[ofa-general] Re: multicast join failed for...

Fri Apr 13 04:36:53 PDT 2007

On Fri, 2007-04-13 at 00:41, Michael S. Tsirkin wrote:
> > Quoting Sean Hefty <sean.hefty at intel.com>:
> > Subject: RE: [ofa-general] Re: multicast join failed for...
> > 
> > >> > The job will continue running though, and when you diagnose the problem
> > >> > and disconnect the bad node, rate will be back to high.
> > >> > So what's the problem?
> > 
> > What would bring the rate back up?
> 
> When the node is diagnosed and disconnected, SM will bring the rate back up.

I would say that the SM could (rather than will) bring the rate back up.
This increases the implementation complexity but would be warranted
if/when a dynamic rate option is supported.

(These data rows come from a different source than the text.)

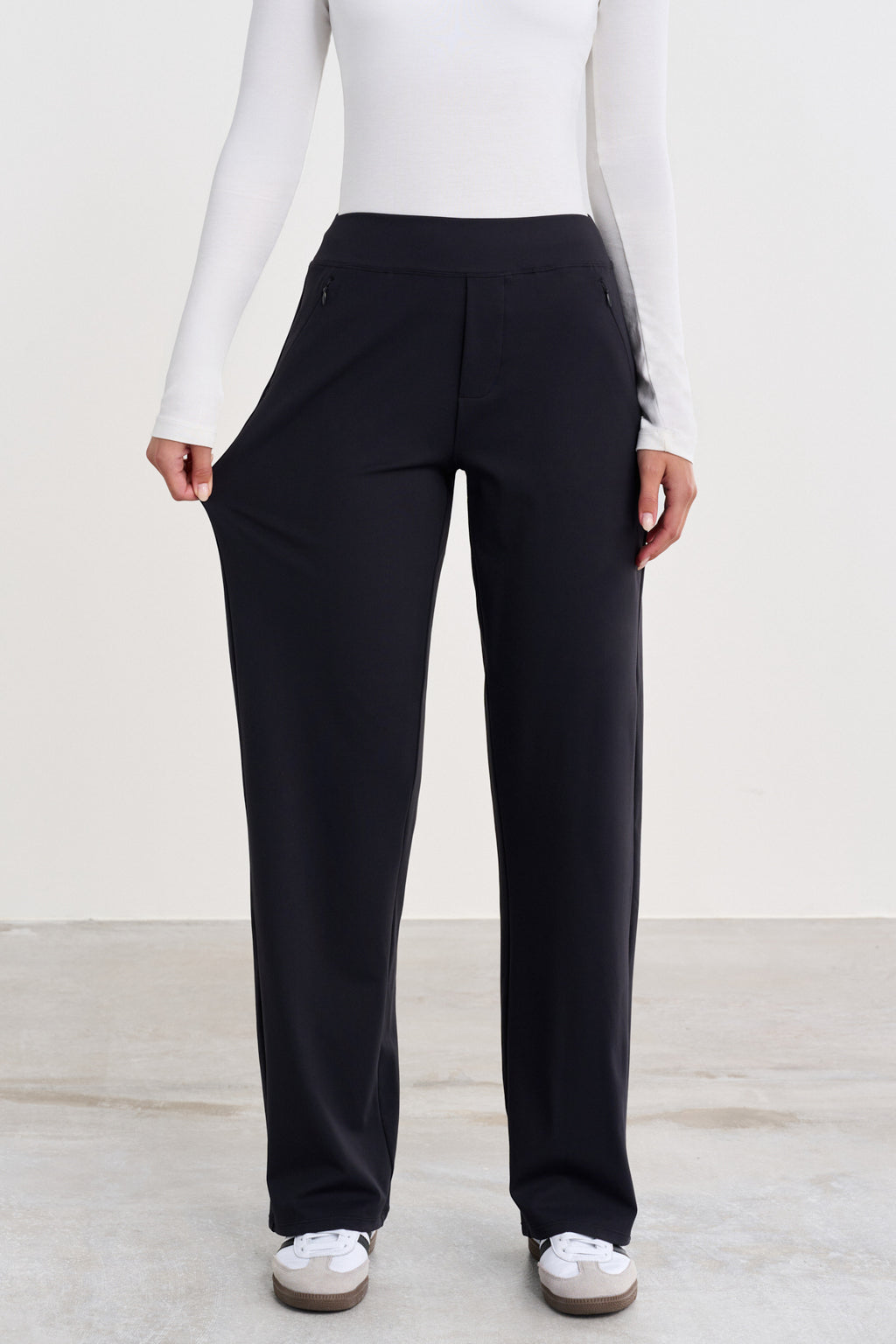 Tailored Relaxed Pants - for dame - Famme - Pants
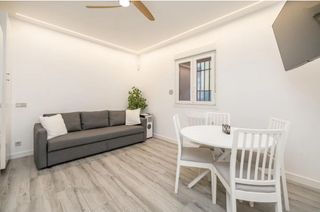 Erdgeschoss  Carrer joventut. ¡piso cerca del parque y el metro!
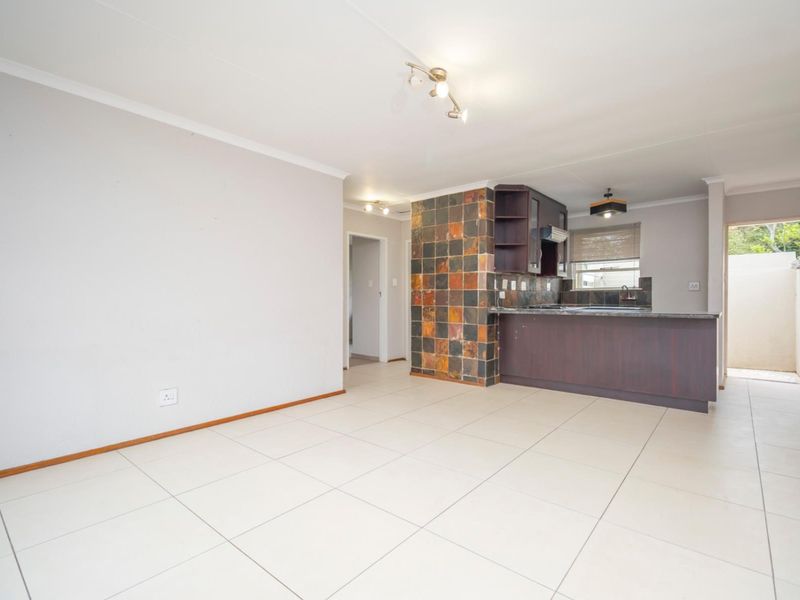 Two Bedroom Ground floor Unit with Garden - Photo 6
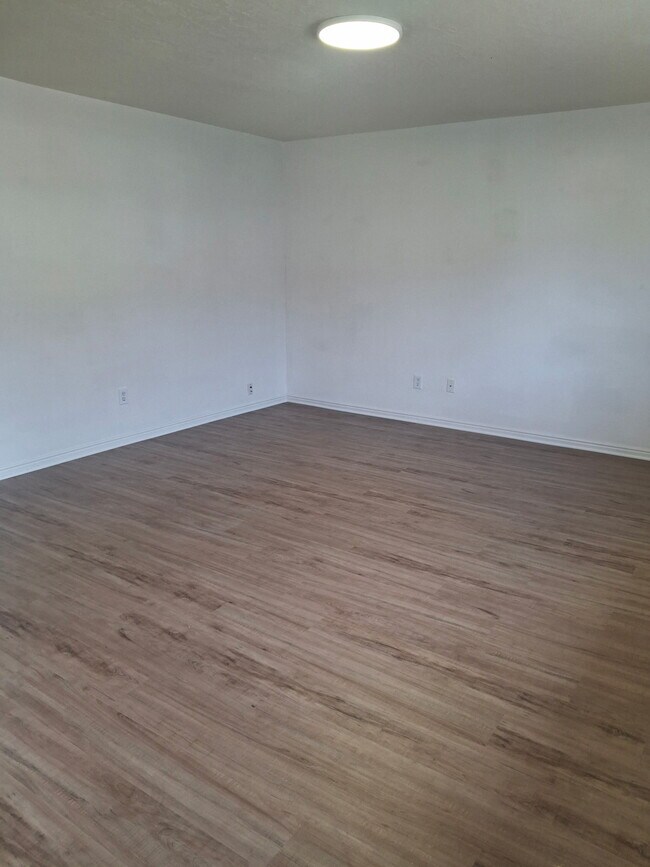 1376 N 260 W, Logan, UT 84341 - photo 4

> > Halting all multicast traffic across the subnet to handle a flaky node
> 
> Not halting, that would be broken. We are slowing the traffic down to avoid
> congestion at this link.
> 
> And you don't know it's "flaky" - it's just a heteroenious network. Policy can
> be forced by SM option but I don't think we should assume homogenious networks
> by default.

Homogeneous subnets are not assumed. What is assumed is the most common
use case (4x SDR or greater equipment). The issue occurs when there is a
slower node attempting to join.

-- Hal

> > wanting
> > to join some multicast group doesn't seem like a good solution.
> 
> As I said, there are tens of ways a bad node can hurt performance,
> and we don't/can't handle them. Why focus on ipoib? It's
> the only way to connect to node on some fabrics, it
> really must be up at all times.
> 
> > Plus it looks
> > like we'd have to repeat this later to bring the rate back up.
> 
> So? It should all be automatic.
> You see a problem in the network, diagnose it, replace the bad node,
> performance comes back up. That's the way to do it.